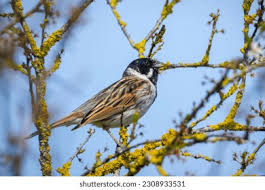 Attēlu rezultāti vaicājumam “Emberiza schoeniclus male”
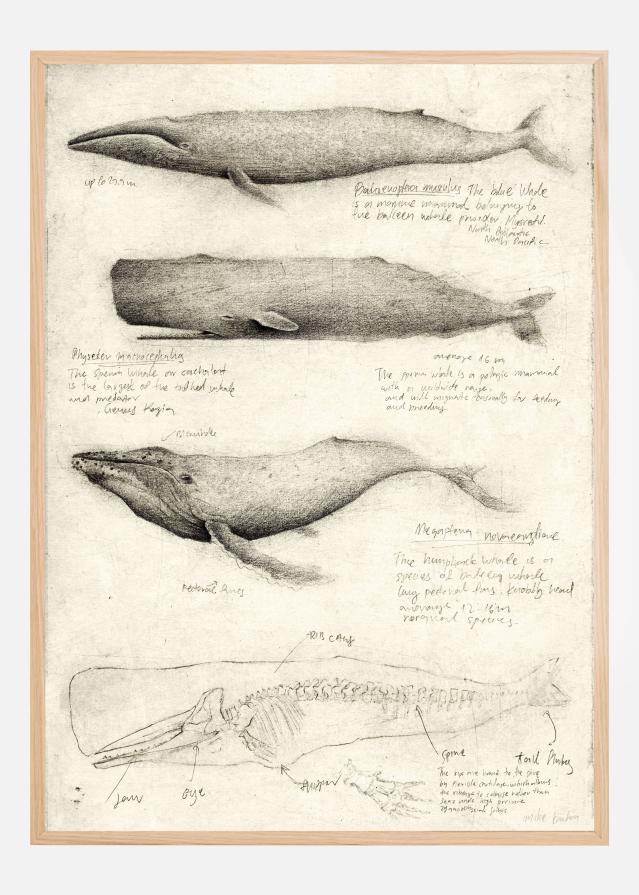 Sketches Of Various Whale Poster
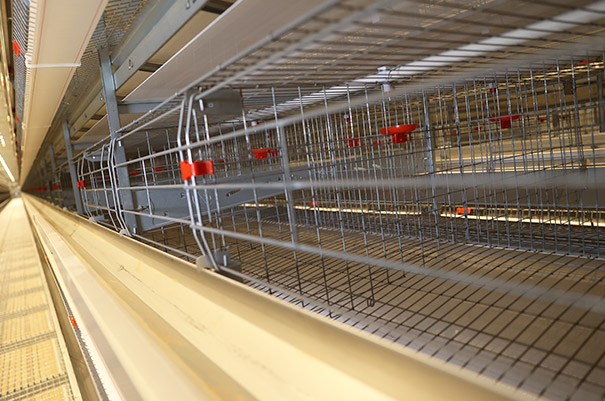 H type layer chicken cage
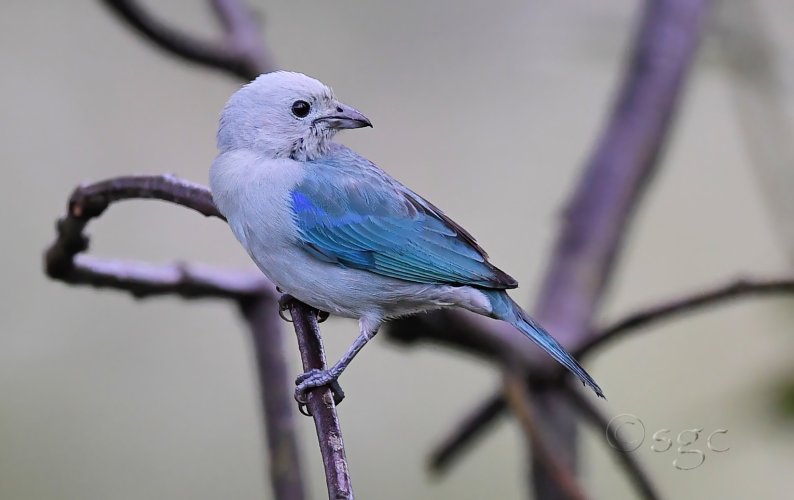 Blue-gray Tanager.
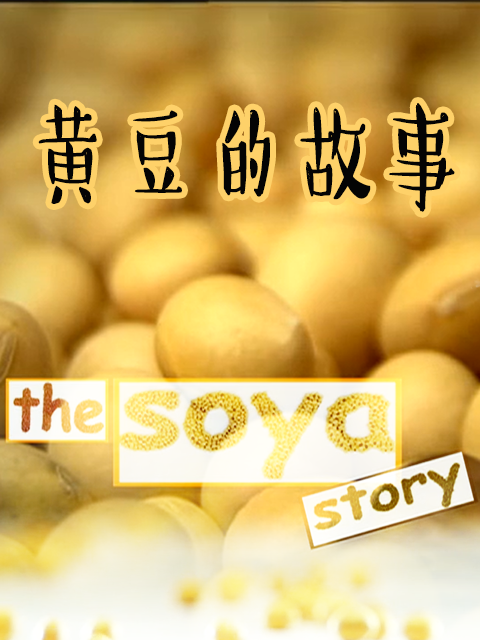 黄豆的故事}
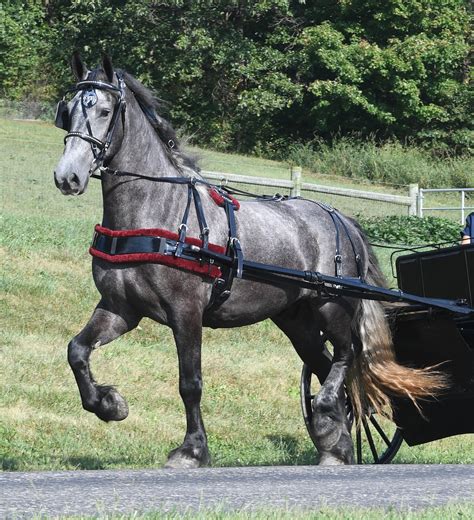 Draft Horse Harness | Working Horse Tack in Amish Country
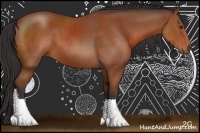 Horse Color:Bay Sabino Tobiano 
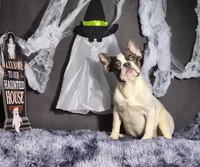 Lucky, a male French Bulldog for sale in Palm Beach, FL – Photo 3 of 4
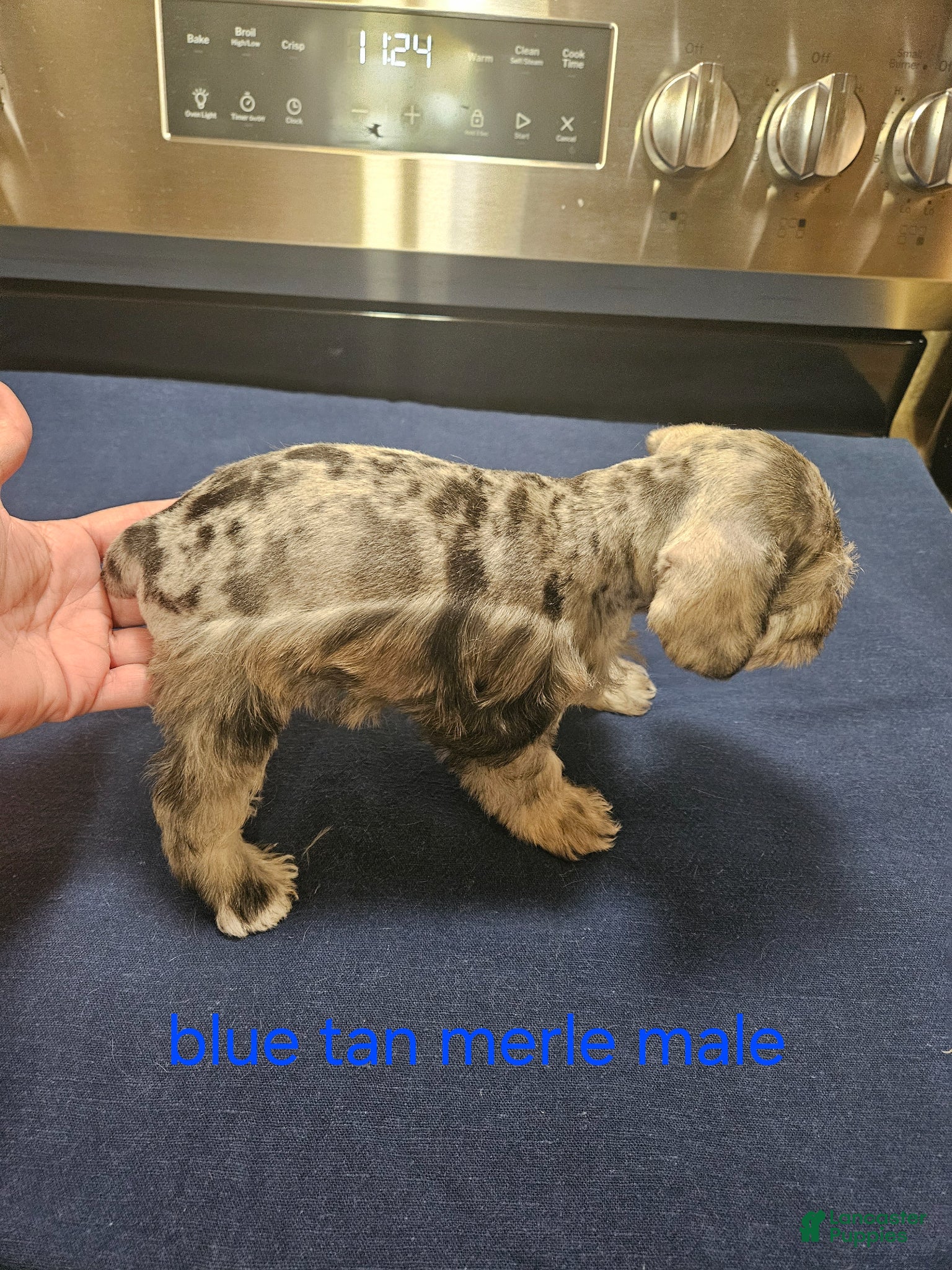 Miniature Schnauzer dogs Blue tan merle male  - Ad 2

□ □ □ □ □

Assigned task -
Repeat the material exactly. Skip the images.

Exercise solution -
 Attēlu rezultāti vaicājumam “Emberiza schoeniclus male”
 Sketches Of Various Whale Poster
 H type layer chicken cage
 Blue-gray Tanager.
 黄豆的故事}
 Draft Horse Harness | Working Horse Tack in Amish Country
 Horse Color:Bay Sabino Tobiano 
 Lucky, a male French Bulldog for sale in Palm Beach, FL – Photo 3 of 4
 Miniature Schnauzer dogs Blue tan merle male  - Ad 2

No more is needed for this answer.